Image-caption web data:
==============================

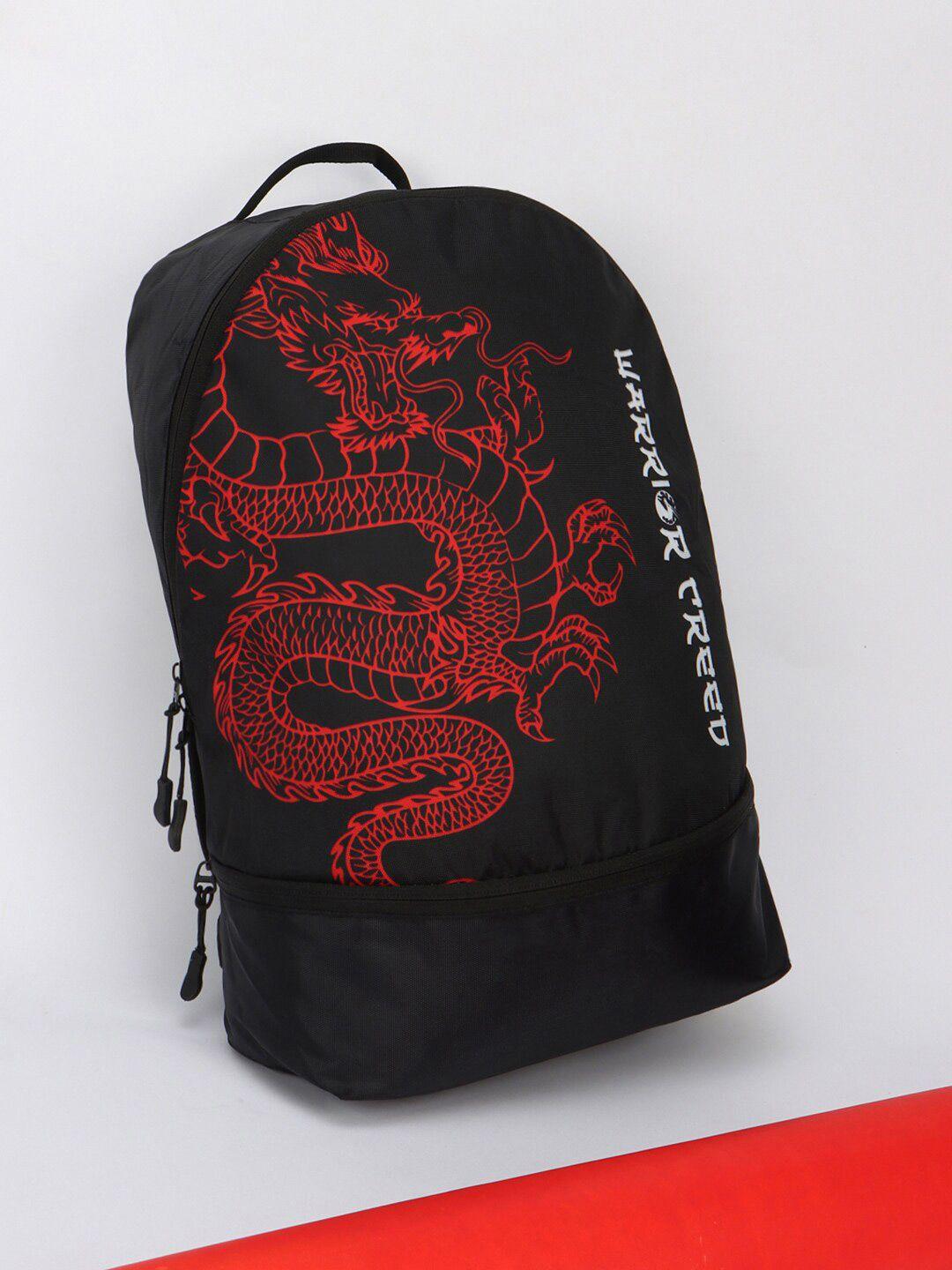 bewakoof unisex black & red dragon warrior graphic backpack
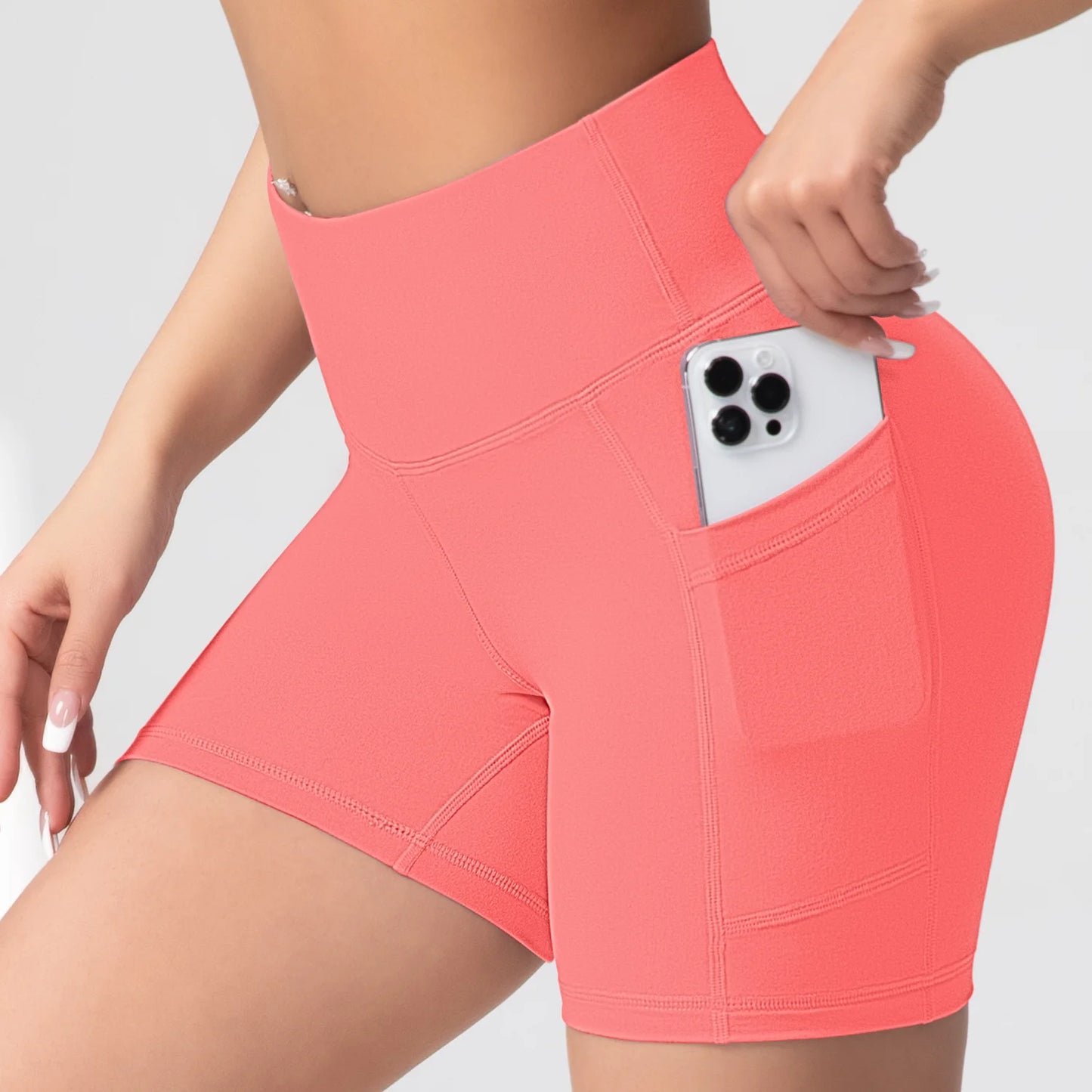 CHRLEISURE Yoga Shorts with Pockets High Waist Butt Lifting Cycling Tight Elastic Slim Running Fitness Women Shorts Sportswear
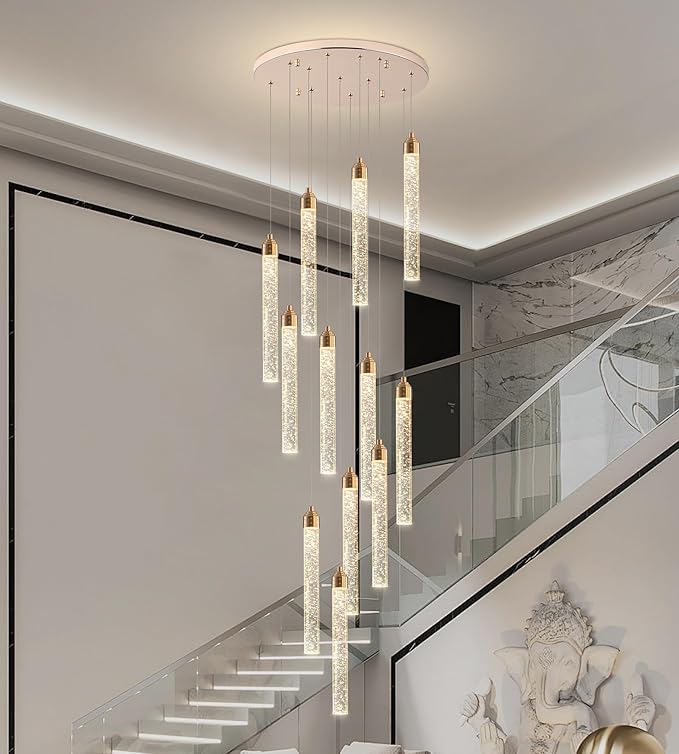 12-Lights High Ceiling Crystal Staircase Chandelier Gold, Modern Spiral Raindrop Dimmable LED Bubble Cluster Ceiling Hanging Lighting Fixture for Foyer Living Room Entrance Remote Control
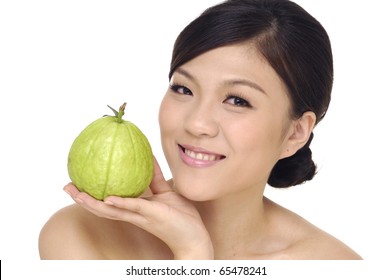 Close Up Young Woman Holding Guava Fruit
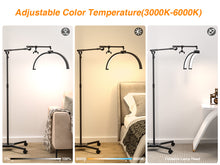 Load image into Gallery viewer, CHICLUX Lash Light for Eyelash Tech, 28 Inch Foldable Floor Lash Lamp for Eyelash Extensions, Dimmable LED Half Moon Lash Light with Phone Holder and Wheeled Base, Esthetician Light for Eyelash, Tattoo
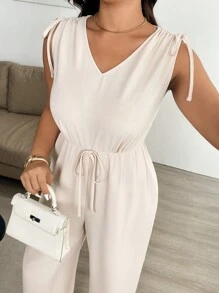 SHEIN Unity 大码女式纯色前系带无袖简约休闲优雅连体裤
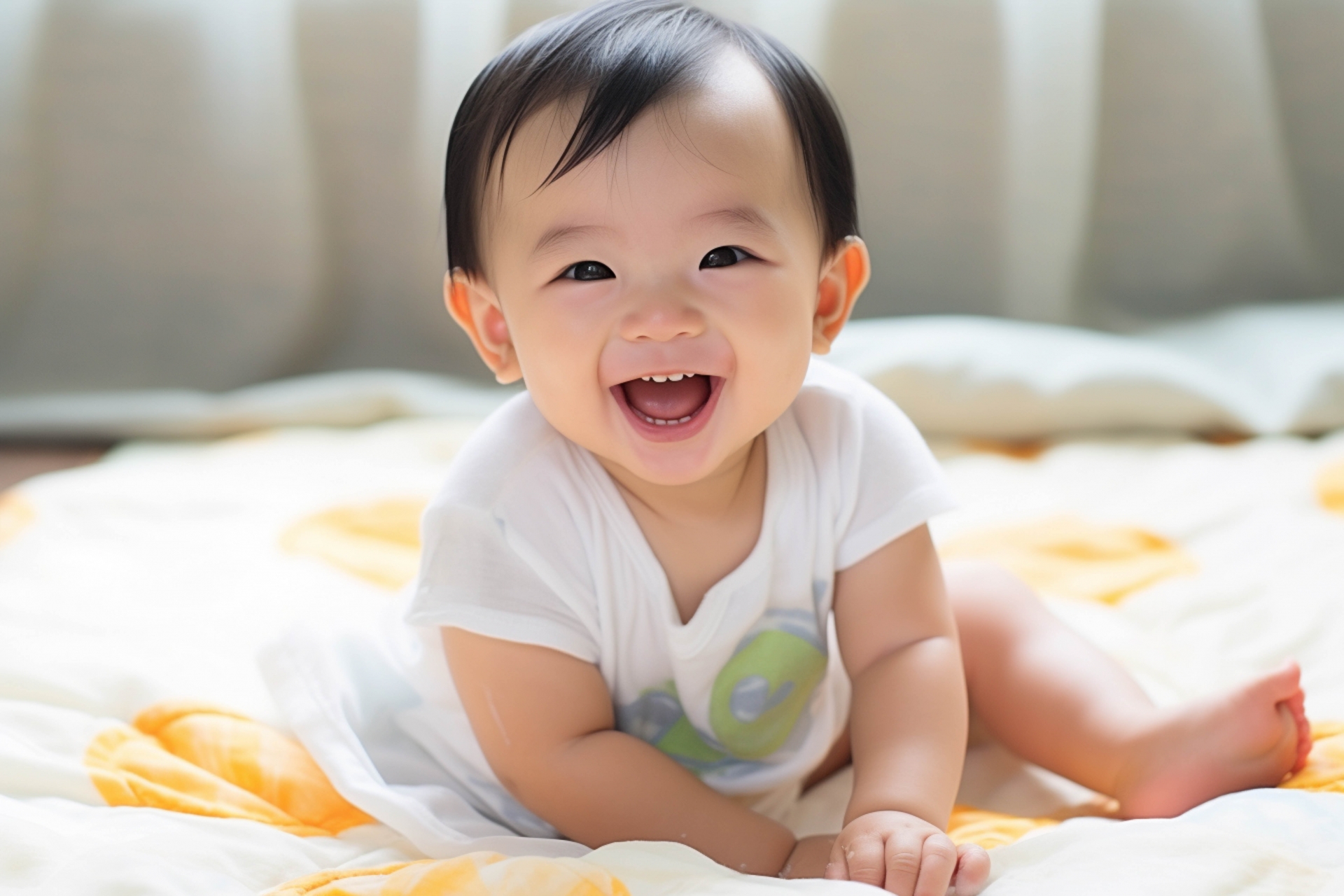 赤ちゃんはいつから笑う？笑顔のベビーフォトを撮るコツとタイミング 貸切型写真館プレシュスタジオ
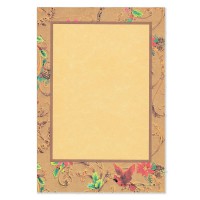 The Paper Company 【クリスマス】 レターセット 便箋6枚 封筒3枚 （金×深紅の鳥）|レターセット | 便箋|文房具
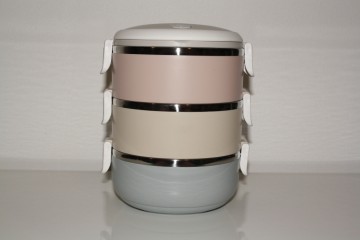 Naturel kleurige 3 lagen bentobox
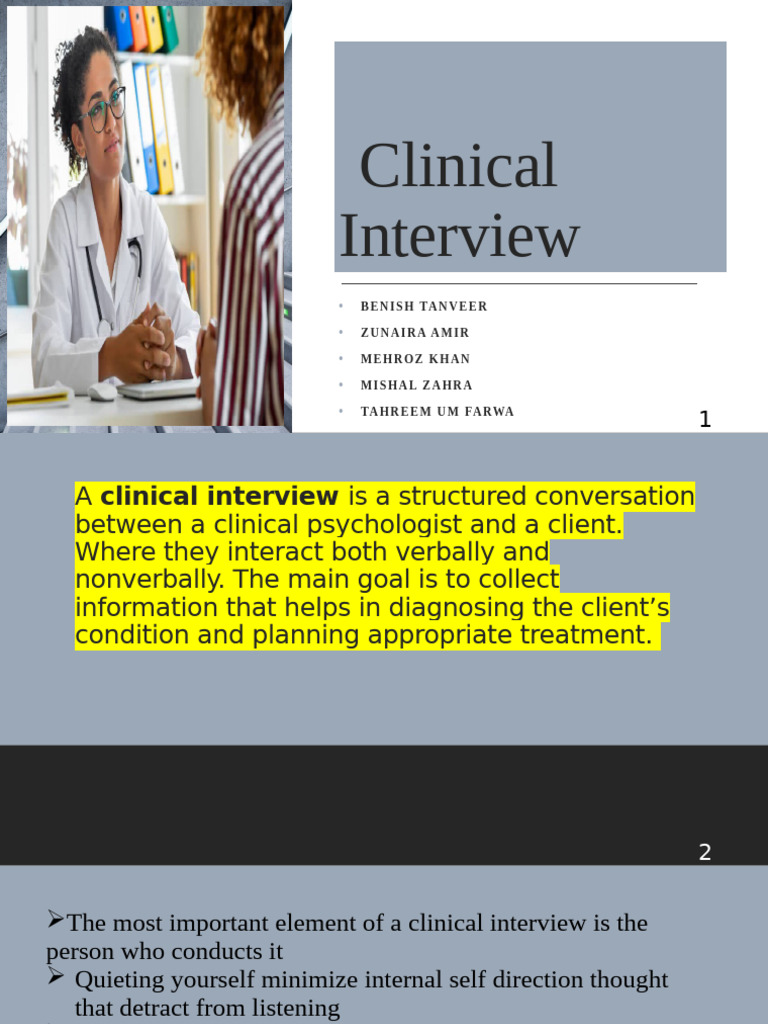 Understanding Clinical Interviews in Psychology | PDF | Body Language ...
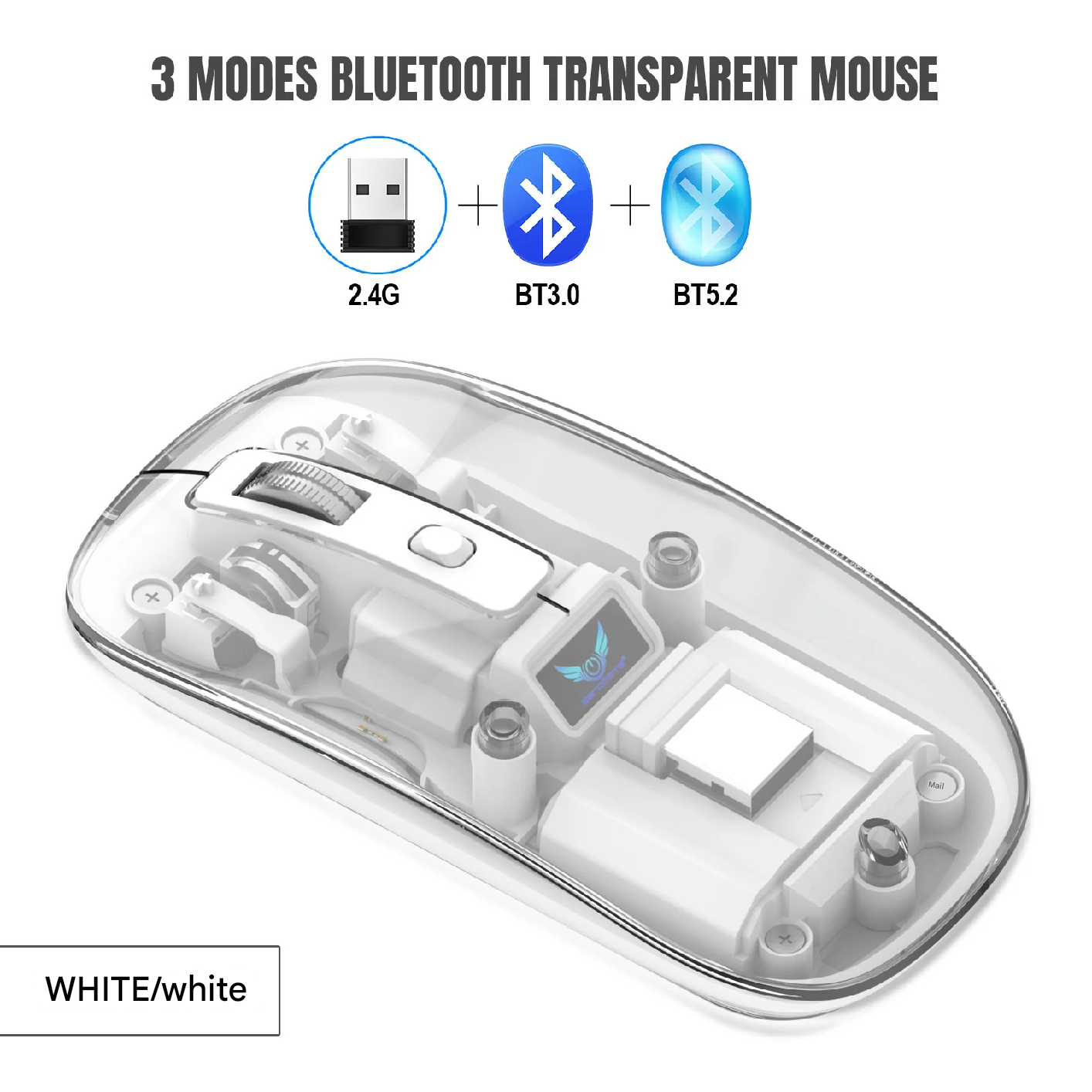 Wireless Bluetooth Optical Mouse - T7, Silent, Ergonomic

==============================

* **EXERCISE DETAILS**: Leave every picture out and write out, word for word, the lines from the one that contains "CHRLEISURE Yoga Shorts" through the last line of the records.

* **TASK RESPONSE**:
 CHRLEISURE Yoga Shorts with Pockets High Waist Butt Lifting Cycling Tight Elastic Slim Running Fitness Women Shorts Sportswear
 12-Lights High Ceiling Crystal Staircase Chandelier Gold, Modern Spiral Raindrop Dimmable LED Bubble Cluster Ceiling Hanging Lighting Fixture for Foyer Living Room Entrance Remote Control
 Close Up Young Woman Holding Guava Fruit
 Load image into Gallery viewer, CHICLUX Lash Light for Eyelash Tech, 28 Inch Foldable Floor Lash Lamp for Eyelash Extensions, Dimmable LED Half Moon Lash Light with Phone Holder and Wheeled Base, Esthetician Light for Eyelash, Tattoo
 SHEIN Unity 大码女式纯色前系带无袖简约休闲优雅连体裤
 赤ちゃんはいつから笑う？笑顔のベビーフォトを撮るコツとタイミング 貸切型写真館プレシュスタジオ
 The Paper Company 【クリスマス】 レターセット 便箋6枚 封筒3枚 （金×深紅の鳥）|レターセット | 便箋|文房具
 Naturel kleurige 3 lagen bentobox
 Understanding Clinical Interviews in Psychology | PDF | Body Language ...
 Wireless Bluetooth Optical Mouse - T7, Silent, Ergonomic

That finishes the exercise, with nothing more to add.